OCEAN CITY — Some City Council members balked Tuesday at the idea of spending $22,000 or more in legal bills to get the city’s Beach Patrol chief to pay $200 in fines for alleged ethics violations.

Since its founding four years ago, the city’s ethics board has fined just one person, Beach Patrol chief Thomas Mullineaux, for allegedly changing scores on a lifeguard exam and exempting himself from running and swimming tests. He was fined $100 per alleged violation.

Mullineaux has denied any ethical wrongdoing and is appealing the 2009 decision, and its associated fine, in state Administrative Law Court.

Mayor Jay Gillian wants to disband the ethics board and rely on the state to handle any allegations of ethical impropriety, as most municipalities in New Jersey do.

City Council members quizzed Ethics Board Chairman Stanley Pszczolkowski about its potential to rack up high legal bills.

“Where do we draw the line on an appeal?” Councilman Scott Ping asked. “We’re trying to fine someone $200. We’re going to approach somewhere around $22,000 (in legal bills) when all is said and done. … When I look at this, what I see is the federal and state government going out of control. That’s how the federal government spends $3,000 for a toilet seat.”

Pszczolkowski said the board has spent just $1,600 since Mayor Sal Perillo created it in 2007. This money was used to hire stenographers and send board members to training seminars hosted by the New Jersey State League of Municipalities.

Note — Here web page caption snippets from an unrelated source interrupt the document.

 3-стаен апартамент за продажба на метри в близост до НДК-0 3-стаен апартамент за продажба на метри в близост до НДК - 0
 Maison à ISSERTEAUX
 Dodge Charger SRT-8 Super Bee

But in pursuing the case against Mullineaux, the board accrued $5,000 in attorney fees and asked for about $15,000 more to see the case to its judicial decision.

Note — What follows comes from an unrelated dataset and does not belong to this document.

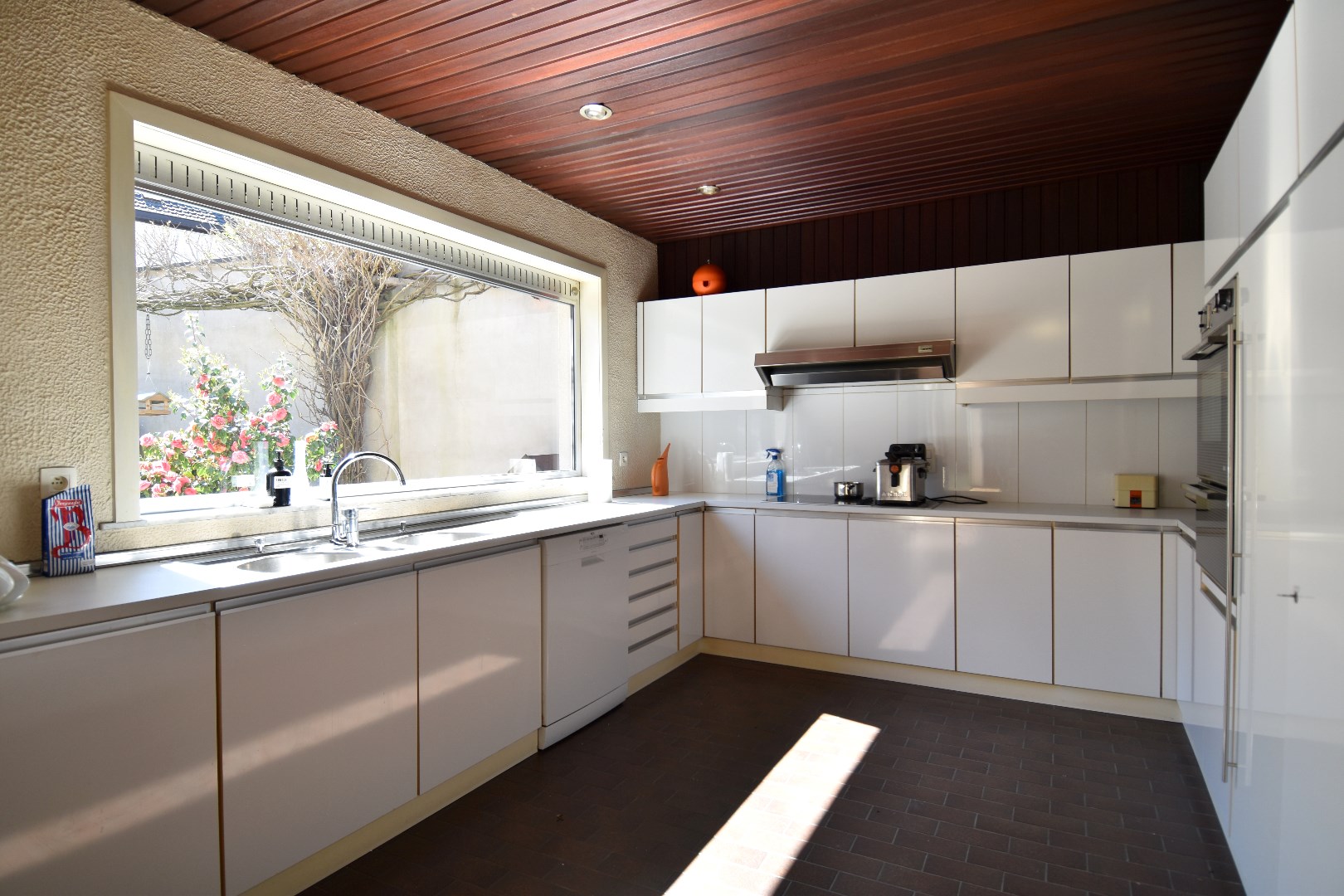 Charmante eigendom met 3 slaapkamers, 80 m² zolder, inpandige garage en zonneterras te koop in Gullegem-centrum - foto 4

Councilwoman Karen Bergman noted that appeals of future ethics board cases could be extremely expensive for the city.

But normally, Pszczolkowski said, the Local Finance Board handles these appeals at no additional cost to the city. The Mullineaux complaint was more complicated than normal, he said, prompting the board to forward the cast to the Administrative Law Court.

The volunteer ethics board has the power of subpoena, if necessary, and typically interviews the complainant, respondents and witnesses and holds a public hearing before rendering a decision, Pszczolkowski said.

Until recently, the board had the benefit of a pro bono attorney. But the Mullineaux case became too time-consuming for the volunteer counsel, he said.

Council made no decision Tuesday. Several residents lobbied council to keep the board in place.

City resident Ed Price has been a longtime critic of the ethics board for not doing enough in his estimate to root out unethical behavior. But he defended the board on Tuesday, comparing it to the oil filter in a car’s engine.

“The money spent on the ethics board is an investment in our city and our future. It’s like the money we spend on our audit,” he said.

Retired Beach Patrol lifeguard Michael Hamilton, of Somers Point, also lauded the ethics board. He was the complainant against Mullineaux. He said other checks and balances, including the city’s personnel office, ignored his concerns before he took them to the ethics board.

Ethics Board member Dr. Steven Fenichel pointed out recent examples of alleged unethical behavior in South Jersey, including allegations that U.S. Rep. Robert Andrews, D-Camden, misused campaign funding on trips abroad.

He said local ethics boards are needed now more than ever in New Jersey.

“To take a citizen’s concern and say it’s covered at the state level is a way of saying we don’t want to be bothered by your ethical concerns,” he said.